Francis Drake kehrte als vermögender Mann nach Plymouth zurück. Zum ersten Mal brachte er der Queen Beute mit und erhielt Zugang zum Hof. Allerdings erst einmal nur durch die Hintertür. Drake sollte England den Weg zu den Reichtümern Asiens öffnen. Durch die Magellanstraße am Südende des amerikanischen Kontinents, spanischem Hoheitsgebiet. Im Krisenfall wäre er der Krone entbehrlich. 

Am 19. September 1577 brach er mit 5 Schiffen und rund 160 Männern auf. Seine Weltumseglung der Jahre 1577 bis 1580 war eine Piratenfahrt – die Queen war neben weiteren adligen Investoren stille Teilhaberin an seinem Unternehmen.  Allein die Ladung eines einzigen Schiffes – das Silber der Cacafuego – überstieg im Wert den Einsatz der Investoren. Als Drake nach drei Jahren wieder in Plymouths Hafen einlief, konnten seine adligen Finanziers einen Gewinn von 4000 Prozent verbuchen. Drake füllte die Kassen der Krone– ohne jemals zu einer ernsten Gefahr für sie zu werden. Dazu fehlten ihm der Name und die Unterstützung am Hof. Die Königin setzte ihn mit Vorliebe dort ein, wo er ihr am meisten nutzte: der karibischen See. 1585 hinterließ seine auf 22 Schiffe angewachsene Flotte auf dem großen Raubzug  durch die wichtigsten Häfen der westindischen See eine Spur der Zerstörung. Doch als es 1586 zum offenen Konflikt mit Spanien kam, setzte  ihn Queen Elisabeth nur in der zweiten Reihe ein. In der Schlacht gegen die spanische Armada war Drake Vizeadmiral unter Admiral Lord Howard of Effingham.  

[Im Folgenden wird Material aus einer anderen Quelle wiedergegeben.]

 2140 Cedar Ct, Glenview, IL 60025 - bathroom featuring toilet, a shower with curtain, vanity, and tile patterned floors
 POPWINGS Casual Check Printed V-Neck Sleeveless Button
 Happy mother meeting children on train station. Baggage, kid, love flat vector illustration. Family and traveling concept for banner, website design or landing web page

Mit dem Sieg über die spanische Armada stieg England zur Seemacht auf. Piratenmethoden hatten in der offiziellen Politik vorerst ausgedient. Auf See herrschten nun militärischer Korpsgeist und Teambewußtsein. Für beides hatte Drake wenig übrig. Er wäre reich genug gewesen, um ehrenvoll und ruhig sein Leben zu genießen. Besitzer von Mühlen und Ländereien, Bürgermeister, Abgeordneter im Parlament, Privatier in Buckland Abbey, an der Seite einer schönen Frau. Aber es ließ ihm keine Ruhe, dass ihm bisher nie die Kaperung der spanischen Schatzflotte selbst geglückt war.

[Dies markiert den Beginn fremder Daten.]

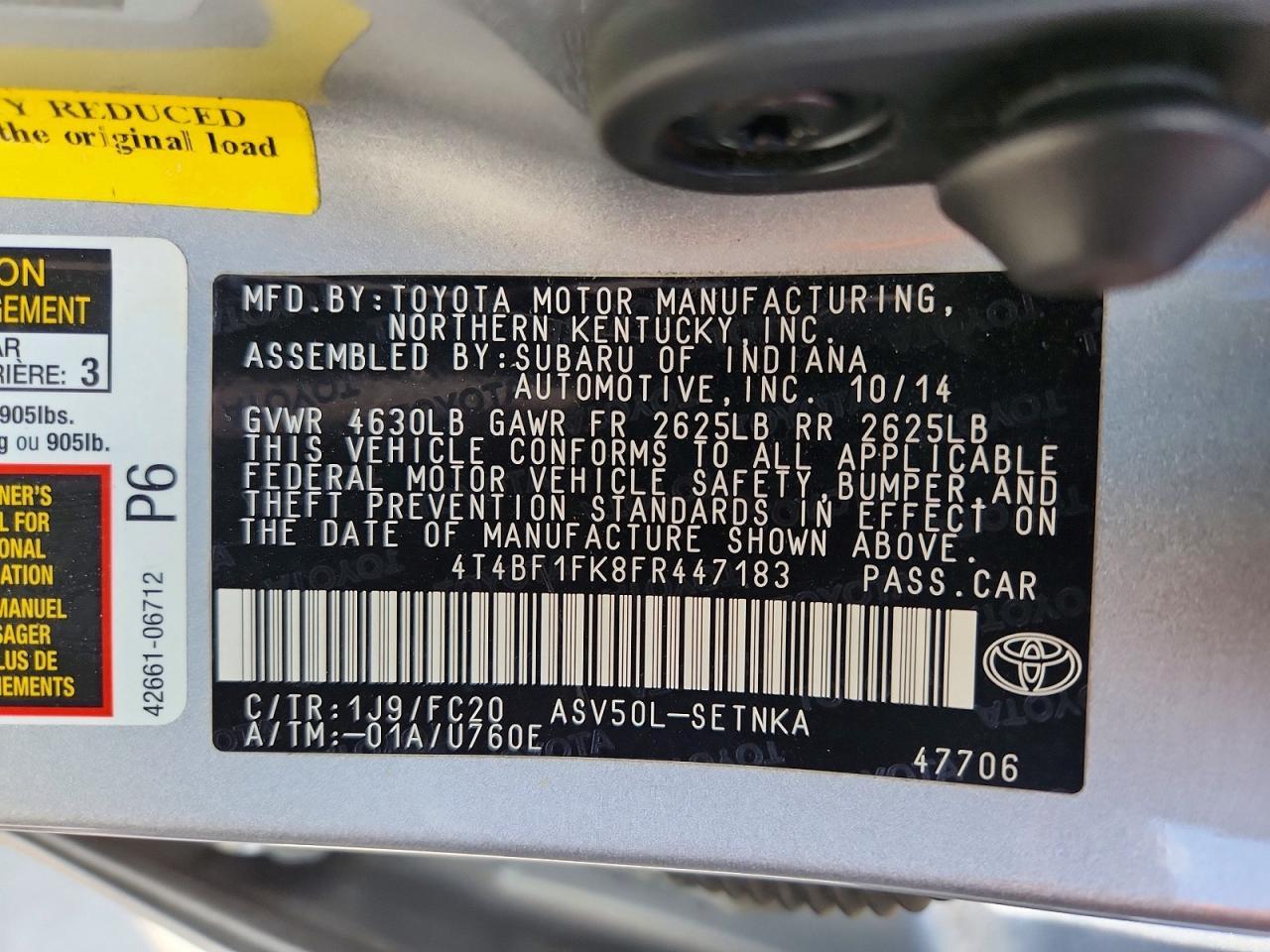 2015 Toyota Camry Le Silver vin: 4T4BF1FK8FR447183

1596 gelang es ihm, die Queen für ein letztes Unternehmen in der Karibik zu gewinnen. Mit seinem Verwandten John Hawkins brach er auf. Doch auf dieser Reise, die die Krönung seines Kaperlebens sein sollte, wandelte sich Drakes einstige Stärke in Schwäche um. Die Spanier kannten mittlerweile die Taktiken des alten Kaperkapitäns und empfingen ihn gut vorbereitet an jedem Hafen.  Francis Drake war nicht mehr unverwüstlich.   Das Tropenfieber traf dieses Mal nicht nur die Mannschaft. Es traf auch die alten Kapitäne. In den Gewässern vor Puerto Rico starb John Hawkins, in der Bucht von Porto Belo folgte ihm Drake.